Kiaps meet again on Sunshine Coast – a most durable body of men
08 October 2017
KEITH JACKSON
NOOSA - “Are you going to stray from your lofty editorial cyber-perch and grace us with your presence at the next reunion?” said the email.
It was impertinence normale from onetime pikinini kiap Peter Salmon. A missive of characteristic disrespect.
As soon as they put on their broad brimmed military-style hats, these young turks of pre-independent Papua New Guinea thought they sat at the feet of god. Which in a sense some did.
Vale nambawan kiap Tom Ellis.
Peter and I were contemporaries in Chimbu in the 1960s – him a kiap, me a tisa - before we both went on to other careers and other lives.
Since 2001, Peter has been publisher of the valued and historically valuable Ex Kiap website (if you haven’t seen it, catch up here). He is a communicator after my own heart – keep the channels open, the debate free and duck for cover as required.
The website believes there are few punches worth pulling and it is as straightforward and unflinching as were the kiaps themselves. You'll get a flavour of this from its mission statement, which reads in part:
“I'm sick and tired of hearing the ‘fat ones’ (olesem ol grisman na stilman na giamanman) blaming PNG's current parlous state on their so called ‘colonial inheritance’.
“I believe that PNG Administration was one of the most cost effective imperial, bureaucratic interventions of recent times, I cannot think of another similar endeavour that was more effective or delivered ‘more bangs for the bucks’.

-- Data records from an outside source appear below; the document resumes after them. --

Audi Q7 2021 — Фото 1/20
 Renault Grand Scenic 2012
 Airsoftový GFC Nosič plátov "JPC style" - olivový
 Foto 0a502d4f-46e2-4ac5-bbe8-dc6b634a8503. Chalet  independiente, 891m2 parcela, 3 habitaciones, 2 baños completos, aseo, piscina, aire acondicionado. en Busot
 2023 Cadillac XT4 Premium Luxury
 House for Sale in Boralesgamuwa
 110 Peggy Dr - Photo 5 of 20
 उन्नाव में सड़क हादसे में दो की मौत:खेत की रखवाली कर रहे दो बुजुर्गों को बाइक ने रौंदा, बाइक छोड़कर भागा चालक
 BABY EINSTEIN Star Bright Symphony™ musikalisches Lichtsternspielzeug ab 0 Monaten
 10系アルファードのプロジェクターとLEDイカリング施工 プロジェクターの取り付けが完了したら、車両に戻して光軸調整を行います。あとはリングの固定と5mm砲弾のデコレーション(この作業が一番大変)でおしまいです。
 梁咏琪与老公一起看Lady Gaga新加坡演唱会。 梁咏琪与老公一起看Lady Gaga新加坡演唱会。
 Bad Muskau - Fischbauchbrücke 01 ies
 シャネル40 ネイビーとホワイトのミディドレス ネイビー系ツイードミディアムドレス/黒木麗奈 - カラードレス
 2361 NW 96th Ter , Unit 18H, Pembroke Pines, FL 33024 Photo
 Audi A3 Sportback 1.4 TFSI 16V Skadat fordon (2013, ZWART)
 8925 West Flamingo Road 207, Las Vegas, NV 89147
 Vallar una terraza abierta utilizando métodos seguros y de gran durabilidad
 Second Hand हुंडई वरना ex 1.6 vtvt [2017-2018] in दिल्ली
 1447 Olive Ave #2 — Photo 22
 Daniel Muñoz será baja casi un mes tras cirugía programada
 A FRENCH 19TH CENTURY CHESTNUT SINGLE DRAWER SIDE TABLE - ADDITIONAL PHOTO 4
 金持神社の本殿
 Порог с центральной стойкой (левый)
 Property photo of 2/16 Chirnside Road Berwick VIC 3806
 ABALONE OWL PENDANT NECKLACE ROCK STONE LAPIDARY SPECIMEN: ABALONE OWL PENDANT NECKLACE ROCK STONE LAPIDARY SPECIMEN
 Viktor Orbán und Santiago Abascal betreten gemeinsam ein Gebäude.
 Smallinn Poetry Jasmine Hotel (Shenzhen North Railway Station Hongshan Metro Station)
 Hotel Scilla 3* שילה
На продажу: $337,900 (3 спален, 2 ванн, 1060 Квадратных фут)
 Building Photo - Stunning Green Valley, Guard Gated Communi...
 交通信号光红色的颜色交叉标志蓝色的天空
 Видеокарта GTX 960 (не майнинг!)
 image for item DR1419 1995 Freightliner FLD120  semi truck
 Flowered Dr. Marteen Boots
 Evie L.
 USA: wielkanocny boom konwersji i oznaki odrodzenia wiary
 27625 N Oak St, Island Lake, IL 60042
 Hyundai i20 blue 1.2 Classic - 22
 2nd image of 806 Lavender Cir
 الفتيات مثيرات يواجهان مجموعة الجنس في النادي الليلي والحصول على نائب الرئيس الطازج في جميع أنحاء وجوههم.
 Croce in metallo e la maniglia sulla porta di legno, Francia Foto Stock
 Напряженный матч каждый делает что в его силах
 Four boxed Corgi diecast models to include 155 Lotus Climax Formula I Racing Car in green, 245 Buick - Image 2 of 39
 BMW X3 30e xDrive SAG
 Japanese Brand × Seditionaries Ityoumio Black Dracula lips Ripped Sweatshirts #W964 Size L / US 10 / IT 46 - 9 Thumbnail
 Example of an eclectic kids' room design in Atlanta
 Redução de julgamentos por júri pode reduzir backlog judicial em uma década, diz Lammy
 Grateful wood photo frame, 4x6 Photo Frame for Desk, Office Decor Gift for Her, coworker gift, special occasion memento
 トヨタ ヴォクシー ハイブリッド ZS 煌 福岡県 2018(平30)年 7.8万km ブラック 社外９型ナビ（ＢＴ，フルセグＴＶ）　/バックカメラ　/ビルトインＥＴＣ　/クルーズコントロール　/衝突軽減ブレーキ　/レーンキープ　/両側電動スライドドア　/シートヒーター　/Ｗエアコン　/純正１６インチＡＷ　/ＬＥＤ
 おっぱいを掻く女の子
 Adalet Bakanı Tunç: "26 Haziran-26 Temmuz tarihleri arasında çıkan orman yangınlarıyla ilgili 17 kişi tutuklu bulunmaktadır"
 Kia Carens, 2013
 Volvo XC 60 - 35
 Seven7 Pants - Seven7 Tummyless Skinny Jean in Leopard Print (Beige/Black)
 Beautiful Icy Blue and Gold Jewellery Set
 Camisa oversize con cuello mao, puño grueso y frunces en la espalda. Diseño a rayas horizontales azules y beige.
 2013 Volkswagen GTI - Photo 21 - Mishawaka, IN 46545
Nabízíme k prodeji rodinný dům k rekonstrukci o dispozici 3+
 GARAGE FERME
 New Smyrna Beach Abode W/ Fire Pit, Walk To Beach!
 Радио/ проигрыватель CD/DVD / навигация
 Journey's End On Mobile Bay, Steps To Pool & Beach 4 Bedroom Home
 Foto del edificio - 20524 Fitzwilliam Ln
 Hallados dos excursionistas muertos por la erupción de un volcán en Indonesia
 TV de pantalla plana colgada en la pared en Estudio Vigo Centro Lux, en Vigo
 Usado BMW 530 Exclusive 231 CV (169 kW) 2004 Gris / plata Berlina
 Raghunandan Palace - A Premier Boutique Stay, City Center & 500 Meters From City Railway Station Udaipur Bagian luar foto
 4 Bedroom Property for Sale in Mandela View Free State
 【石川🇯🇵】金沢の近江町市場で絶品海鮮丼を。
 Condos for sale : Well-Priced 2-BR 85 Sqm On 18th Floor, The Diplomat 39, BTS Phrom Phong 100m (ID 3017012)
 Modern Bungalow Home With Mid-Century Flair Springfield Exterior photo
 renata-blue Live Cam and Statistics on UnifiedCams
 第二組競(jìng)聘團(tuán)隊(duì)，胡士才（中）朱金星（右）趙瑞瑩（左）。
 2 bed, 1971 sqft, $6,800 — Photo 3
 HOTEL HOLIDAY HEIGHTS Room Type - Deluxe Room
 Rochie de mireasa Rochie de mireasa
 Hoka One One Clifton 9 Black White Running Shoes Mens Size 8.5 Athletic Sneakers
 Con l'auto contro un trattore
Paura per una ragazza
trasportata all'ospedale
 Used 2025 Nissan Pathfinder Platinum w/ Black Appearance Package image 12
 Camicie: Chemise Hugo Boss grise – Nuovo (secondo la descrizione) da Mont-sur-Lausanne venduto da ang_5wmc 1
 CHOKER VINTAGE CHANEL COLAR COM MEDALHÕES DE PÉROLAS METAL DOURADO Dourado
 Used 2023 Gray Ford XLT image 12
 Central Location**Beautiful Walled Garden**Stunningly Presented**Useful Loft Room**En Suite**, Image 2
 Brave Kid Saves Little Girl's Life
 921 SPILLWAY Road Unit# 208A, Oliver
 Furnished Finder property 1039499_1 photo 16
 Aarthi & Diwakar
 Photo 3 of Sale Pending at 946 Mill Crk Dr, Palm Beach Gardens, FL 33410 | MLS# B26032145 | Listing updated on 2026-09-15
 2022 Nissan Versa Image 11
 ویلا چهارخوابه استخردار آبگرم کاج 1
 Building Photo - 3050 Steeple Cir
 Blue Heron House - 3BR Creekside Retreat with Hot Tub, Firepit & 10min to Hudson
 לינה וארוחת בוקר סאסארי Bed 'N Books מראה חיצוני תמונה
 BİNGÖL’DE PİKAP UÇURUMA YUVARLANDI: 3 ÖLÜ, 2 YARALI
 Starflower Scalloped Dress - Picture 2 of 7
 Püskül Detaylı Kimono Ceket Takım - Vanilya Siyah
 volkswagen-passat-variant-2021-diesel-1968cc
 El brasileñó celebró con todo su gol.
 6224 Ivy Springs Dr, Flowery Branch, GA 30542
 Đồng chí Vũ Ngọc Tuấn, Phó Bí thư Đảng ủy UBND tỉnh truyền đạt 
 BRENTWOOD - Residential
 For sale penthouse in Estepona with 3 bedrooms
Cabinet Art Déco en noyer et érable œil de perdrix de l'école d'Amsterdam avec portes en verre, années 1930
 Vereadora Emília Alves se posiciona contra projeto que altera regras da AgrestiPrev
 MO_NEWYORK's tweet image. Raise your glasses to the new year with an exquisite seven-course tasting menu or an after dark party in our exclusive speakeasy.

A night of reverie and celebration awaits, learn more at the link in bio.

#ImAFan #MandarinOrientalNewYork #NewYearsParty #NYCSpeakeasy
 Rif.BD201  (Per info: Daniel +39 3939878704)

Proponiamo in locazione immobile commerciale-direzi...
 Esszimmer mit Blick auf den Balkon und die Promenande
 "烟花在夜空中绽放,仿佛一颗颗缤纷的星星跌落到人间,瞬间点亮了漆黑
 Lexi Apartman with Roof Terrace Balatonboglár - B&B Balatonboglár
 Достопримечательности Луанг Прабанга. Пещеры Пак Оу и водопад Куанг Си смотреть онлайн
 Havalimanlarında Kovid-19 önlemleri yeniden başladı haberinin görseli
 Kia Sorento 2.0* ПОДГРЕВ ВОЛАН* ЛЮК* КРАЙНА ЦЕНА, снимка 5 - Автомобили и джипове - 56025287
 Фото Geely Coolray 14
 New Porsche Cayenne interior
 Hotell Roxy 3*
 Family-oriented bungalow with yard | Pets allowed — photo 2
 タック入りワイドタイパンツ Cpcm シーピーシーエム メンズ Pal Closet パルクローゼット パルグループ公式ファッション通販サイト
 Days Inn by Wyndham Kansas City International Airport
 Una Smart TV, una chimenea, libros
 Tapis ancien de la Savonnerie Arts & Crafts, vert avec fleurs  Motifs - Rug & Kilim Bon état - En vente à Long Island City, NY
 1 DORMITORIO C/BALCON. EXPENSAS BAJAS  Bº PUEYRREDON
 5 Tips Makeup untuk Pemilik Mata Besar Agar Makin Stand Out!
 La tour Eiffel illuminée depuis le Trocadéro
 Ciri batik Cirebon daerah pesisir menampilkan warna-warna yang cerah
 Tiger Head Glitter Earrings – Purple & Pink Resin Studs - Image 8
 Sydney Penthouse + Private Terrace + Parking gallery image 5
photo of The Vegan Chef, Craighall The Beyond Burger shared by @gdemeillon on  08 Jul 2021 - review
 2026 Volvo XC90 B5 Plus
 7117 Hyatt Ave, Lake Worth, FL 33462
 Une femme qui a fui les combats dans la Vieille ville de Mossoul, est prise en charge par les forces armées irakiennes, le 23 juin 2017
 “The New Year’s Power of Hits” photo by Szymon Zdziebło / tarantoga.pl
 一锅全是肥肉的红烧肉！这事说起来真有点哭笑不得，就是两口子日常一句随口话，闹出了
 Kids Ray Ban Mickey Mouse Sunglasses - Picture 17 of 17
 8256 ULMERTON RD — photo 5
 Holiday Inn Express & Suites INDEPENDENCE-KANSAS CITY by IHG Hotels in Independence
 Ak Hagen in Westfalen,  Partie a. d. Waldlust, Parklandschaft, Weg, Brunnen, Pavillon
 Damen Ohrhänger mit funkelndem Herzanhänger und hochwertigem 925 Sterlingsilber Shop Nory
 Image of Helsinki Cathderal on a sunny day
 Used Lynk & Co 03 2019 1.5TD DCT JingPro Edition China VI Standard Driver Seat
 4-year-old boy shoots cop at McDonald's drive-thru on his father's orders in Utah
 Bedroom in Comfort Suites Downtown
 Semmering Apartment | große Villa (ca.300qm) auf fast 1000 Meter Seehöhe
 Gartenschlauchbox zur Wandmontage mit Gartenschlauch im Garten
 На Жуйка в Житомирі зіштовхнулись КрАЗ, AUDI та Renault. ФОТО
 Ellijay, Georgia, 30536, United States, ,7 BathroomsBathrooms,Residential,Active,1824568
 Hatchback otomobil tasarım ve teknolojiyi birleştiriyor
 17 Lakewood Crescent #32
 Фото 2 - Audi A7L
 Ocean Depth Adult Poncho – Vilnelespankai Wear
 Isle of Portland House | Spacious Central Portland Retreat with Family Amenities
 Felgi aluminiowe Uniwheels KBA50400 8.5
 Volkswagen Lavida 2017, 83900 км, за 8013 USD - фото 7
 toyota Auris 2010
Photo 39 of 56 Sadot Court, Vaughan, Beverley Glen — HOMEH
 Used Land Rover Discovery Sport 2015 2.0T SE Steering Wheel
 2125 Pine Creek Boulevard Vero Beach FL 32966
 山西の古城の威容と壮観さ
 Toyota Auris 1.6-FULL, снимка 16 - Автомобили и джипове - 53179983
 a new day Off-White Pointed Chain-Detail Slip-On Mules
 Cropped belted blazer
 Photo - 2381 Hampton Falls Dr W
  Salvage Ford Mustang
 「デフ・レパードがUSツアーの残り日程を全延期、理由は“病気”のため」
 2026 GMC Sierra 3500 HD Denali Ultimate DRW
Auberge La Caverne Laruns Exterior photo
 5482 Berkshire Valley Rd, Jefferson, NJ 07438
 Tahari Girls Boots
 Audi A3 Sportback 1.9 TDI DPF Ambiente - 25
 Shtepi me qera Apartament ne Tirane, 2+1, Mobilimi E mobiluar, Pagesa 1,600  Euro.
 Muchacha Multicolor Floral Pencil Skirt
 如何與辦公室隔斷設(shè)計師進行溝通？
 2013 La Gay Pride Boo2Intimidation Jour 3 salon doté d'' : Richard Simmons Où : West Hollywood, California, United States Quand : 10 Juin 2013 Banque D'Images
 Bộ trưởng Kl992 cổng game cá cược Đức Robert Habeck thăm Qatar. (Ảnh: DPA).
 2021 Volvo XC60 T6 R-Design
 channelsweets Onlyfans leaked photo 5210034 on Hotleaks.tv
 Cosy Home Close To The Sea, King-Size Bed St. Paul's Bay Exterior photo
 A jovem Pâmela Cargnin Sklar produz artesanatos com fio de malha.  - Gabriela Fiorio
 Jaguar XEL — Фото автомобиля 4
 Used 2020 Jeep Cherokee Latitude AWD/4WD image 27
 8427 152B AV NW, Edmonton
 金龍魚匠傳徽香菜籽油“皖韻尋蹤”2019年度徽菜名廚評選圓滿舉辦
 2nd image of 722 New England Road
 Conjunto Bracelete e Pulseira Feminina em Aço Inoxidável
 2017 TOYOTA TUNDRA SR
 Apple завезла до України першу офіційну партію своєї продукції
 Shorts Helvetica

“At the ‘business end’ (or the ‘grass roots’ level, whatever) it was in general purposeful, moral, ethical, honest regardless of whether we were part of an imperial policy whose motives may not have been as altruistic. I believe that we did do a good job in PNG.”
So bloody there.
Every couple of years, the kiaps reunite on the Sunshine Coast. Being men of strict routine, they gather at the same drinking hole (this is the fourteenth year at the Kawana Waters Hotel on Nicklin Way in Buddina), entry is always by a gold coin no matter the state of the economy, there is always a warm comradeship and by common consent there are no speeches.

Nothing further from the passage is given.